New Year – Reading and Writing Plans

Hello there, blog. It’s been a while. Towards the end of last year, I was really not in the blog writing zone. I had a bad dose of writer’s block so everything was suffering. The whole year, really was a struggle writing wise. There were a number of reasons for this that I’m not going to go into, largely because they are too personal but also because they are not especially interesting or special.

Anyway, this year I am going to try harder. I am picking up a pen and putting it to paper. Choose Your Future is ready to be sent out to publishers. I am also investigating the new and exciting online places for self-publishing. I’m looking through the myriad odds and ends of writing I have done for the bones of a story, as well as some of the longer pieces I have previously abandoned.

Of course, now I am writing again, I feel better. Even if I never become particularly successful, I enjoy the escapism of creating another world. I enjoy blogging as well which brings me on to the topic of what to read this year.

One of the things that was affected by last year’s apathy was the reading challenge that I started and didn’t finish. I was four books from finishing the Full House Reading Challenge. It’s not as if I didn’t read more than 24 books last year, they just didn’t all fit in with the challenge. In fact, by the end of the year I was deliberately avoiding reading books that I had picked out for it because I wanted to be free to choose what I read. It may be that some of the books I picked to read for it – such as War and Peace and Catch 22 – were less enthralling than I might have hoped. This year, I am undecided as to whether to do any challenges or just read what I want to read. I’m currently enjoying researching the possibilities so I will probably end up doing something.

Anyway, I hope to be writing this blog a bit more frequently this year – and not just about books I have read either.

Full House Reading Challenge – Catch 22 – Joseph Heller

Narrative style: Detatched, third person

Rating: 3/5

Published: 1961

Format: paperback

Synopsis: Yossarian doesn’t want to fly any more missions. He has done the required amount but the goalpost keeps moving. He doesn’t see why he should kill himself for the safety of others. However, whatever he tries, he is unable to escape his fate.

Reading Challenges: Full House Reading Challenge – Genre: Published pre 2000 

This has been on my reading list for a long time. I seem to be saying this a lot at the moment but I didn’t enjoy it as much as I thought I would.

First of all, there are bits of this book that are brilliant. The satire is generally spot on and Yossarian was easy to identify with. This was all as I expected. So why only give 3/5?

Well, this isn’t any easy book to read. The language isn’t difficult. In theory, you should be able to trot through it at an easy pace. But I certainly didn’t find this to be a page-turner. This is because there is no plot to speak of. Things happen. There are events. But there is no overarching storyline.
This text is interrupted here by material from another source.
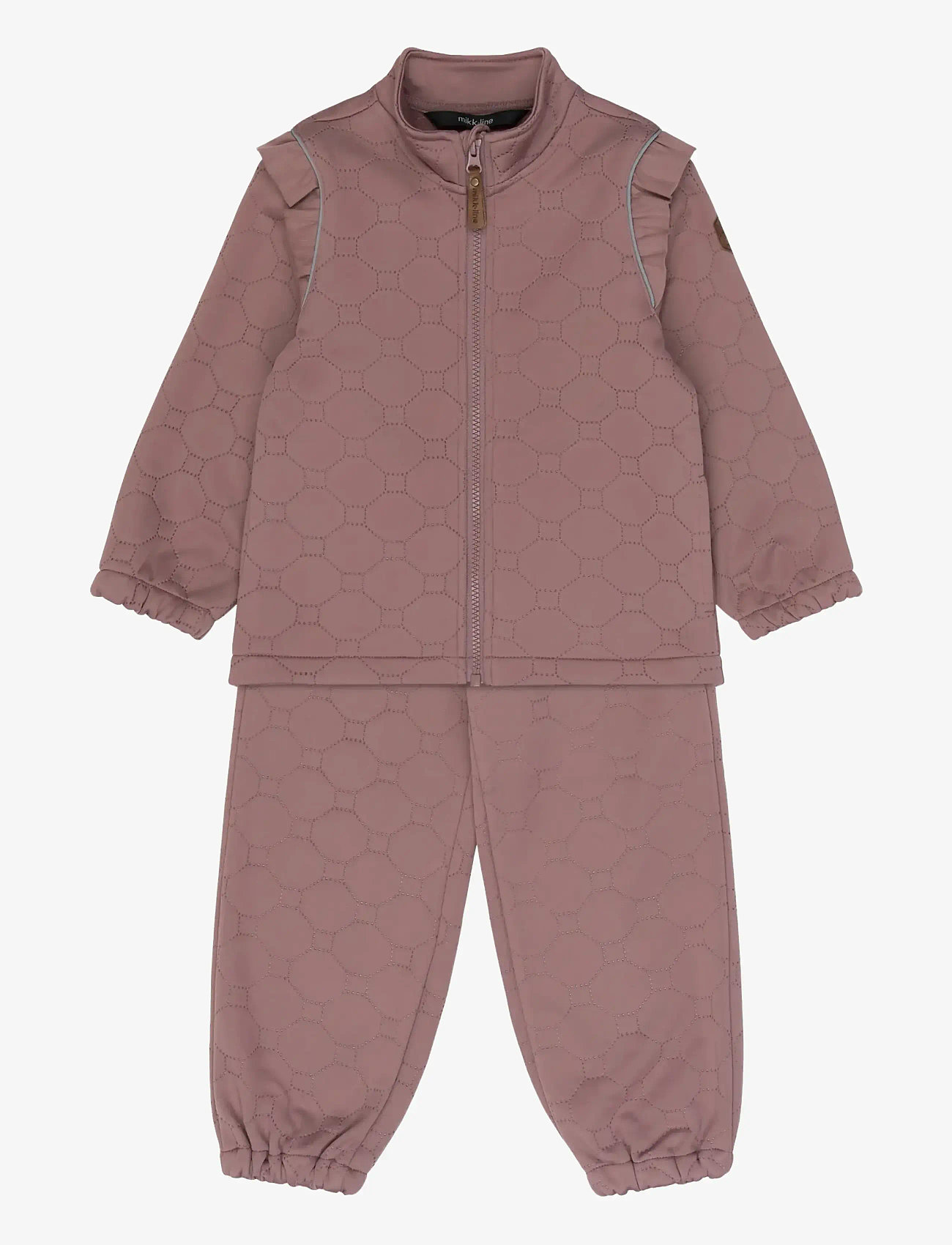 mikk-line - Soft Thermal Set Warm Frill - jacken & mäntel - twilight mauve - 1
I realise that this is likely a ploy on Heller’s part to represent the insanity of the situation but it meant that it wasn’t compelling to read.
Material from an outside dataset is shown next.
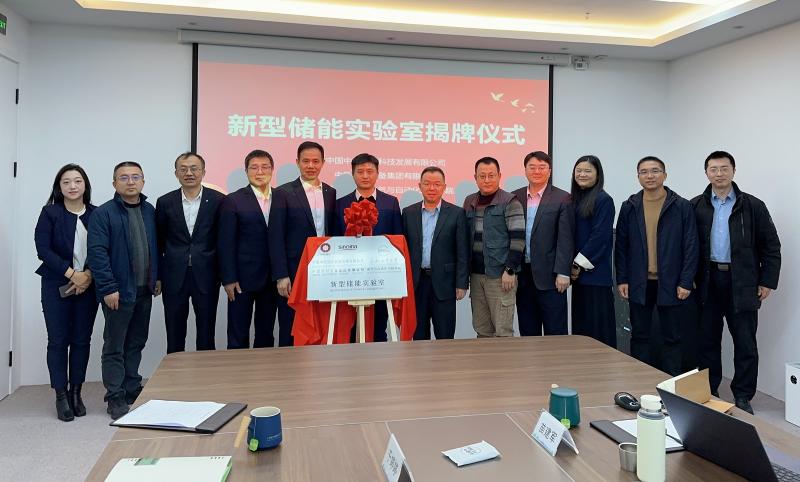 裝備集團(tuán)與中材海外、合肥工業(yè)大學(xué)共建新型儲(chǔ)能實(shí)驗(yàn)室在滬揭牌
Also, I found it hard to keep track of all the characters and spent a lot of  time flicking back through the book, trying to remember who did what. Obviously some characters stood out more than others such as Doc Daneeka and Milo Mindbender but some of others just blurred together.

Overall, I’m glad I read this. It’s another classic ticked off and the ideas behind it were worthwhile and interesting. I just wish they had been delivered in a slightly different way.